Une concurrence libre ET loyale
La concurrence est au cœur de l'économie de marché : en se disputant les clients, les entreprises baissent leurs prix, améliorent leur qualité et innovent. Mais livrée à elle-même, elle peut se dégrader. Le droit de la concurrence poursuit deux objectifs : préserver une concurrence libre (les acteurs peuvent entrer sur le marché) et loyale (selon des règles équitables).
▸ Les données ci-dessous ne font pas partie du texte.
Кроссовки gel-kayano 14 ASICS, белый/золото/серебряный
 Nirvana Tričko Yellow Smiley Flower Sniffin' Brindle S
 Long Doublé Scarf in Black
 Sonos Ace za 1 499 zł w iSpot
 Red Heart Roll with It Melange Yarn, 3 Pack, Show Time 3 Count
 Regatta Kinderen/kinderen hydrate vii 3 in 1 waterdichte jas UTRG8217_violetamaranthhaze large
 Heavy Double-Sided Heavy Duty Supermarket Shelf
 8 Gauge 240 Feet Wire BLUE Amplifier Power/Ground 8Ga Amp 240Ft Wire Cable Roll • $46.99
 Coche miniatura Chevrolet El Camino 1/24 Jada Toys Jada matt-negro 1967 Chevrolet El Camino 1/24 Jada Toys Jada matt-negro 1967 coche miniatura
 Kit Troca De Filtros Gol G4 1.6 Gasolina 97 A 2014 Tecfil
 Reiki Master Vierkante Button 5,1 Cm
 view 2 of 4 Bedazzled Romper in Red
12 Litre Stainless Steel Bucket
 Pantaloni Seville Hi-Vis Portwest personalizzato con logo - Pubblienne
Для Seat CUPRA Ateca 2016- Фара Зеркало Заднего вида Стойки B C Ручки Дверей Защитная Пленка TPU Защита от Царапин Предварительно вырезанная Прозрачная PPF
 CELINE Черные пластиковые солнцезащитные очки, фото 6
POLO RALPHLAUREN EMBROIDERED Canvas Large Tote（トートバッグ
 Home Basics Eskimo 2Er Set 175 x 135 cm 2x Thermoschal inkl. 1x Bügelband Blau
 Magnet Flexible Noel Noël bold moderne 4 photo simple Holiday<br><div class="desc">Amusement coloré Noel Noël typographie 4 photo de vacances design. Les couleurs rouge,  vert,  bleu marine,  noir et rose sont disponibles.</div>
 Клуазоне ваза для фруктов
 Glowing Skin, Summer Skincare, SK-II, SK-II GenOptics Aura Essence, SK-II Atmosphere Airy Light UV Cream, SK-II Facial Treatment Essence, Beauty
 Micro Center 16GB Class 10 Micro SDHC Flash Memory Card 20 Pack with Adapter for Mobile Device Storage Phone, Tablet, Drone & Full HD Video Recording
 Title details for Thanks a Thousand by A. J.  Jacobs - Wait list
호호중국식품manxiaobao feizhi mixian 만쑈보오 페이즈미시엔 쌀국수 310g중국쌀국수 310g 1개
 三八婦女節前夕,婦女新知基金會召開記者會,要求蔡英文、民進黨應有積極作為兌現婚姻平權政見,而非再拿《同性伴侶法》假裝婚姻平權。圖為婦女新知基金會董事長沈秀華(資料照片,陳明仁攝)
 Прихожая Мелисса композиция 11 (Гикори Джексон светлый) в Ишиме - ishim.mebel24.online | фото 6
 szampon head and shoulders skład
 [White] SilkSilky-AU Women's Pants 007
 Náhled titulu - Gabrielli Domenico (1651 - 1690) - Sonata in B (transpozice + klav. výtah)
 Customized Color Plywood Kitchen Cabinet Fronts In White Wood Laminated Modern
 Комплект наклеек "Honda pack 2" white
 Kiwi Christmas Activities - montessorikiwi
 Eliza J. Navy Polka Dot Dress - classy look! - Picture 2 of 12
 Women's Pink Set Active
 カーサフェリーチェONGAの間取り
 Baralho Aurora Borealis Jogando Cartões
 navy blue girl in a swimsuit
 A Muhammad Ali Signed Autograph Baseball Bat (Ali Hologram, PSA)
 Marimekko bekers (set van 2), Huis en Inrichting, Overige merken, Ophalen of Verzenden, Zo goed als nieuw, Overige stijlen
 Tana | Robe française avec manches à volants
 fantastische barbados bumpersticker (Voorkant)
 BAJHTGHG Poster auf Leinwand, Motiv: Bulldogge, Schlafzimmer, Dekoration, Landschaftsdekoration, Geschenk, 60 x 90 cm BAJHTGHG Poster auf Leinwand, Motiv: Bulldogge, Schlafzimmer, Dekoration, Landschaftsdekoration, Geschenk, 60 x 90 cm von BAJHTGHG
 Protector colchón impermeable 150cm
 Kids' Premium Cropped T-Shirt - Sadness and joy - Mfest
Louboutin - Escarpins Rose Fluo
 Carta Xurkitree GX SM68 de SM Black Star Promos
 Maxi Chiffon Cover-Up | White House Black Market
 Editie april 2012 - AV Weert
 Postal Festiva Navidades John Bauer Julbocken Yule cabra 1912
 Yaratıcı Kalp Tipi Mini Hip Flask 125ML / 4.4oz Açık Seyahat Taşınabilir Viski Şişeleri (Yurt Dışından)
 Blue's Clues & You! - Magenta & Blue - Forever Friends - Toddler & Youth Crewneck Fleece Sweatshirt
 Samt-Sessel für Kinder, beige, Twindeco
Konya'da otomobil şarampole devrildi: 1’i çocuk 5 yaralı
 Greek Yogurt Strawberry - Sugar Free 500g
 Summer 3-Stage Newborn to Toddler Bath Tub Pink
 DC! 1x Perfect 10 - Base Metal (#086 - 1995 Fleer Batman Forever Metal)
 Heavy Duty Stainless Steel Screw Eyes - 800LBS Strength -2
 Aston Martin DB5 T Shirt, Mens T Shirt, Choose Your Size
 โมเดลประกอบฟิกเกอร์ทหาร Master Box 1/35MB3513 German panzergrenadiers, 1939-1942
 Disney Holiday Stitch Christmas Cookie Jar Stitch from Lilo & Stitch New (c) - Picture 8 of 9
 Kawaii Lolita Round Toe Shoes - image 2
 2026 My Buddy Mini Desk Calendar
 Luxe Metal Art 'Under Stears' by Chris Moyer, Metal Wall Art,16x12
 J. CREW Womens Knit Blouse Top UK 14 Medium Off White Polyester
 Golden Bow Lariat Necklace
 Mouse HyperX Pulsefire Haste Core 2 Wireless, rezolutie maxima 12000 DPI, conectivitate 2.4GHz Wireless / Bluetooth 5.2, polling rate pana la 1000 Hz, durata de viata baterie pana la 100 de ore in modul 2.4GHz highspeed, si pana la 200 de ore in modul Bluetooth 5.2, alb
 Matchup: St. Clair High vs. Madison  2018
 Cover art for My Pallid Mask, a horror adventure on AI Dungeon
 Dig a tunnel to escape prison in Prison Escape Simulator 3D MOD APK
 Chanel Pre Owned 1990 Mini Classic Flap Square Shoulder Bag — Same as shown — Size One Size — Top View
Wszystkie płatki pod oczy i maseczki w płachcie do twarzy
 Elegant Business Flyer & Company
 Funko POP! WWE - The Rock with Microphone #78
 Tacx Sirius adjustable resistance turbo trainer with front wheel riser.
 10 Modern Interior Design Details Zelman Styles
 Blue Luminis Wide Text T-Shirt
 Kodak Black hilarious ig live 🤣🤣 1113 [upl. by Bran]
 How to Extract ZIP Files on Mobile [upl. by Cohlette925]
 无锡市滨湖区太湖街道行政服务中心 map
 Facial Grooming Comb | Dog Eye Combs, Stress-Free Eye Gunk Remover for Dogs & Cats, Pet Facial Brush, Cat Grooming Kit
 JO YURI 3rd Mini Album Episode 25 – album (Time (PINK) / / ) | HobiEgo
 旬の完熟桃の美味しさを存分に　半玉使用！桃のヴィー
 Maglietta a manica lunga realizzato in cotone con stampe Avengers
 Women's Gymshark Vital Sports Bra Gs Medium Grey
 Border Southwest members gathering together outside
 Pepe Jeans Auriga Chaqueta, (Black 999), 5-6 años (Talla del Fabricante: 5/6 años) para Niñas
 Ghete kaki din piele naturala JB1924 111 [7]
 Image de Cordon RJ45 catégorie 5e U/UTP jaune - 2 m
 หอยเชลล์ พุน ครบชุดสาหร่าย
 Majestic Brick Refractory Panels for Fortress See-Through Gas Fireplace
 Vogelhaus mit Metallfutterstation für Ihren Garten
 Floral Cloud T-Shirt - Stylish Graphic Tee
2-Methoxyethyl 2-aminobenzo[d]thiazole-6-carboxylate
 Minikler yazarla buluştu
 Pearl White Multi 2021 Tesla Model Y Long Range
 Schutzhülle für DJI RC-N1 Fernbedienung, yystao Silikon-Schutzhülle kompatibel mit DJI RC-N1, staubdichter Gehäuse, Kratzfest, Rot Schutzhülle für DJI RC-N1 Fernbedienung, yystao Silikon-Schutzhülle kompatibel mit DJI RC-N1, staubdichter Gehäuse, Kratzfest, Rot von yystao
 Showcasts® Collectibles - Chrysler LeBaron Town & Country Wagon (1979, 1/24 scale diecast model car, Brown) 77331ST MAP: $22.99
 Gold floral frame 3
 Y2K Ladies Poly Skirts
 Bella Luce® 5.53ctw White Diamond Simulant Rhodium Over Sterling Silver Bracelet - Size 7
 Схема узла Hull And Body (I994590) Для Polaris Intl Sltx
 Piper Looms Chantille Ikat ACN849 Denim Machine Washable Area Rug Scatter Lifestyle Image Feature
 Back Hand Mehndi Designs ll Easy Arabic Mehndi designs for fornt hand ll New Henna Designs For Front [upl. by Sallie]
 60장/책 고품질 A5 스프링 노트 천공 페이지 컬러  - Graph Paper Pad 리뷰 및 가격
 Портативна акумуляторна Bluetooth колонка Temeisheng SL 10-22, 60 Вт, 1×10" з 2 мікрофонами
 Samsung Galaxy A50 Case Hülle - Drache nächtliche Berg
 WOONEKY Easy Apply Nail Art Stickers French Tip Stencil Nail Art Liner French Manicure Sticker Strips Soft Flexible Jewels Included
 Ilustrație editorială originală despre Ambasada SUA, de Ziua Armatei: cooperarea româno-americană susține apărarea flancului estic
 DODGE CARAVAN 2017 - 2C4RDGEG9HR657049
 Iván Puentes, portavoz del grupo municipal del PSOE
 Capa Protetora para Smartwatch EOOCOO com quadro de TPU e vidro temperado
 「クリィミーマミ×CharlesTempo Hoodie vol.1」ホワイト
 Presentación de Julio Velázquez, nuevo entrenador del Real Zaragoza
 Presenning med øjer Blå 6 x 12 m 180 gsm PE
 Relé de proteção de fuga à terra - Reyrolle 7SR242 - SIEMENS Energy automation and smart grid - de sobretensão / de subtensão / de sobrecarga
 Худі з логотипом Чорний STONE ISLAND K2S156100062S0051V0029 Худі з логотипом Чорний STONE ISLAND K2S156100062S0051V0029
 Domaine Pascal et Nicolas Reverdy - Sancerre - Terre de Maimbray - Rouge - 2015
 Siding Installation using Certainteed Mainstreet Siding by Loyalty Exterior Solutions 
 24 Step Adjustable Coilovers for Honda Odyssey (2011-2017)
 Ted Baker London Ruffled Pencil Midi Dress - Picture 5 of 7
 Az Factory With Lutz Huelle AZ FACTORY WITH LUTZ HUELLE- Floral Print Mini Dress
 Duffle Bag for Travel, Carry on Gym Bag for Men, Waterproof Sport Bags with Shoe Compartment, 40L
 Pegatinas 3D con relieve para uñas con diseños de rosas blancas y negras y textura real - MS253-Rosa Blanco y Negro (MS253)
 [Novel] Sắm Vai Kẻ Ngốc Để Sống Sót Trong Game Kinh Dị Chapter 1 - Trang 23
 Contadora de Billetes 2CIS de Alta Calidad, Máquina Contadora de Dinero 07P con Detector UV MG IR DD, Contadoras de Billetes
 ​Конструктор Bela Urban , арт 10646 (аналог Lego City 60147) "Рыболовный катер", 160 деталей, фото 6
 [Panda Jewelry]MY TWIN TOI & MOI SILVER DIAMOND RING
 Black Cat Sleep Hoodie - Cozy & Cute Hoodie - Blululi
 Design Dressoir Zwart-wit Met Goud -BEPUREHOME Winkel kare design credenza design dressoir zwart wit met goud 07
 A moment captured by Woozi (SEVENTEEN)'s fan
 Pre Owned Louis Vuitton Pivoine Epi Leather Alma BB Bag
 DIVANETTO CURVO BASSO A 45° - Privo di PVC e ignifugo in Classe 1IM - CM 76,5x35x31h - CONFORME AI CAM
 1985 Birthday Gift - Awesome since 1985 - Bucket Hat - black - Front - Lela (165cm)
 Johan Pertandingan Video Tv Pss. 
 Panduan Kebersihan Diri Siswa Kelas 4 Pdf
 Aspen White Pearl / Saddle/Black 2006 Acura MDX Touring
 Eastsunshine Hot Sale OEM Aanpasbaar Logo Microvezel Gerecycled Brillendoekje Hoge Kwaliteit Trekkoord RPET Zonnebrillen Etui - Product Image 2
Il s'articule à deux niveaux : national (Code de commerce français) et européen (traités de l'Union, qui priment pour les affaires affectant le commerce entre États membres).
Les pratiques anticoncurrentielles
- L'entente (ou cartel) — un accord entre concurrents pour ne pas se concurrencer réellement : fixer les prix, se répartir les marchés ou les clients, limiter la production, truquer des appels d'offres.
- L'abus de position dominante — une entreprise puissante exploite sa position pour évincer ses rivaux ou imposer ses conditions.
Le contrôle des concentrations et la concurrence déloyale
Le droit contrôle aussi les concentrations (fusions) et réprime la concurrence déloyale entre concurrents : le dénigrement, la confusion, le parasitisme et la désorganisation. S'y ajoutent les pratiques restrictives comme la rupture brutale d'une relation commerciale et le déséquilibre significatif.
Les autorités et leurs sanctions
Des autorités veillent au respect de ces règles : l'Autorité de la concurrence en France et la Commission européenne. Elles prononcent de lourdes sanctions, les amendes pouvant atteindre des montants considérables. Connaître ces règles permet à la fois d'éviter ces sanctions et de se défendre contre des concurrents déloyaux.